Leh to Manali by road

June 25, 2014

A two-day trip, this time from the comfort of the back of a car. Plan A, leave Leh early (5.30am) so that we could enjoy the three 4,800m plus passes in daylight, and have time to relax in Jispa in the evening.

Everything started very well. We crossed the TaglungLa – the world’s second highest road – and dropped down to the Morey Plains. Enjoyed seeing yak, horses and goats grazing on what we thought was the valley floor. Bit of a surprise when the road bent right at the end and a chasm opened up on the left. Best not to look.

Crossed the LashulungLa without trouble and stopped in Sarchu for lunch. Leh 2014 (73)Leh 2014 (64)

About 3pm we were at the top of the BaralachLa and enjoying snow all around, more on this pass than on any other, which was odd as this is the lowest of the three. When we got stuck in a traffic jam. A combination of snow narrowing the road, and lots of lorries. We were stuck for four hours but did eventually get going again. Only to be stuck again half an hour later.

It quickly became clear we were going to be stuck for the night. Without food, facilities, or really enough warm weather clothes. We did our best, settling down in the car with the driver. I couldn’t sleep – couldn’t lie down because the altitude (4,800m) was affecting my breathing – never mind the cold.

The Indian police arrived at 1am to try to clear the road but to no avail. Not sure I’ve ever been so pleased to see sunrise.

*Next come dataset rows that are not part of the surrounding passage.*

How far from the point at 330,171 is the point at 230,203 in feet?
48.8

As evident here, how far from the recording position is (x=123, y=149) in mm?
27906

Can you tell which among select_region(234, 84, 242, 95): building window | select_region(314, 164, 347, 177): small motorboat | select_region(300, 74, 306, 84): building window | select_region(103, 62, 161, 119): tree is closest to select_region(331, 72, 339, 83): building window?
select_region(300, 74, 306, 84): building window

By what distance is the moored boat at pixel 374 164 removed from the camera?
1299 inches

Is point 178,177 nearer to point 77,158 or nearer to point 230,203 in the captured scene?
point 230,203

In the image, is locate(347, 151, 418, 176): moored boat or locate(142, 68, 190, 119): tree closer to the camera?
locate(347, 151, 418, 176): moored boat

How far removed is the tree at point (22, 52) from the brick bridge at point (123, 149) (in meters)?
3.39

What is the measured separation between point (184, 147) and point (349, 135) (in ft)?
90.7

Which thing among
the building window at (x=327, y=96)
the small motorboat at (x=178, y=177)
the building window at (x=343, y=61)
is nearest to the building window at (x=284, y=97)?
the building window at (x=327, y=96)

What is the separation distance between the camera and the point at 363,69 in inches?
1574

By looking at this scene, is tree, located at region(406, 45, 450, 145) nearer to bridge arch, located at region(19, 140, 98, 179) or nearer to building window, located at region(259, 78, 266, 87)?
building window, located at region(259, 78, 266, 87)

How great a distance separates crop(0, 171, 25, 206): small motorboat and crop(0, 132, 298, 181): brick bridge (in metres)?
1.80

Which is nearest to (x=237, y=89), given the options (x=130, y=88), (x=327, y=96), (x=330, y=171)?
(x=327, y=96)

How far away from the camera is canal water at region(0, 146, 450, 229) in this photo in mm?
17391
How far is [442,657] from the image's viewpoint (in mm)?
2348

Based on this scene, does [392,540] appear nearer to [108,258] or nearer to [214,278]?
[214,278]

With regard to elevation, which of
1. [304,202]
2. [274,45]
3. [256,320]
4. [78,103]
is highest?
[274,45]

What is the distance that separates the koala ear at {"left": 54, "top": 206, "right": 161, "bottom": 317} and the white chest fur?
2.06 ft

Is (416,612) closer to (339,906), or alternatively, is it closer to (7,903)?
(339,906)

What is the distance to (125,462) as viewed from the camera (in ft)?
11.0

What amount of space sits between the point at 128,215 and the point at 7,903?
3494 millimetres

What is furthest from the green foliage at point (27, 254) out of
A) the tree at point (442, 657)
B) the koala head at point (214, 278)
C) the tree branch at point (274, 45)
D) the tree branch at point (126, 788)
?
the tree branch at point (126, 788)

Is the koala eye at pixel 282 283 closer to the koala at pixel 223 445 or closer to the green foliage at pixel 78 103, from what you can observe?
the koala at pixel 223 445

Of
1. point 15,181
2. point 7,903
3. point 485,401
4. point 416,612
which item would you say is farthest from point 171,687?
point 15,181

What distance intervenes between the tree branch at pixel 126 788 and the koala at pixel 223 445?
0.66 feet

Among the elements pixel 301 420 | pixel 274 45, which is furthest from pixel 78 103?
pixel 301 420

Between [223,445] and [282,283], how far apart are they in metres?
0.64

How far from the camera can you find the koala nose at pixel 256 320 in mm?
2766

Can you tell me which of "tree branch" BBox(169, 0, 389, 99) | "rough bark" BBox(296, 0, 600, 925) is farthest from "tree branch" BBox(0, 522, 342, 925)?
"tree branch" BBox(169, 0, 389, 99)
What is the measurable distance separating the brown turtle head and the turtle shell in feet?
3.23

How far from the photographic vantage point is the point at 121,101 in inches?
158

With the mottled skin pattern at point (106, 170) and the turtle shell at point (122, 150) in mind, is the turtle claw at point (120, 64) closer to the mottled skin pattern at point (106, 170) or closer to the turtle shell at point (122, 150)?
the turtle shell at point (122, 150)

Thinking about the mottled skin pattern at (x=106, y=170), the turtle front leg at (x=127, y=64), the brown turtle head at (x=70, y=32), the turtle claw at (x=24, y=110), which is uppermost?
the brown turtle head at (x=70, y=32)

Leh 2014 (69)The next morning it was clear there would not be a quick resolution, so Martin and I walked down 15km to get out of the altitude and get some food. We waited at a seasonal cafe, and waited, and waited. We had just arranged a couple of berths in a tent for the night (with even less clothes as we’d left everything in the car at the top) when the first lorries came down at 4pm.Leh 2014 (77)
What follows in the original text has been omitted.